# Flame Test of Alkali Metals and Alkaline Earth Metals

The flame test colors for alkali metal and alkaline earth metal salts are well known, but what about the metals themselves? Do they also give rise to the same colors (eg, brick red for Ca, pale green for Ba etc), or does it differ? And if so, why?

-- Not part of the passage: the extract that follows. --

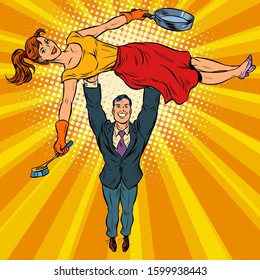 Husband Is A Businessman And Wife Is A Housewife. Gender Stereotypes. Pop Art Retro Vector Illustration Kitsch Vintage 50s 60s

Yes, the metals, when sent in a flame produce the same colors as their salts. In fact, the metallic ions do not produce any color when sent in a flame. It is only the neutral atom that produce the famous yellow double line of the sodium. This means that a tiny amount of the $$\ce{Na+}$$ and $$\ce{Cl-}$$ ions are first transformed into neutral $$\ce{Na}$$ and $$\ce{Cl}$$ atoms. And the color of the flame is due to the deexcitation of these rare atoms being first electronically excited in the flame. So it means that the following processes are occurring successively in the flame:$$\ce{NaCl(s) -> Na(g) + Cl(g)}$$ $$\ce{Na + heat -> Na^*}$$ $$\ce{Na^* -> Na + h\nu }$$ The famous yellow light of the $$\ce{Na}$$ atom is due to the return of the outer electron from the level $$4s$$ to $$3p$$ of the sodium atom, if my memory is good. Nothing to do with the $$\ce{Na+}$$ ion.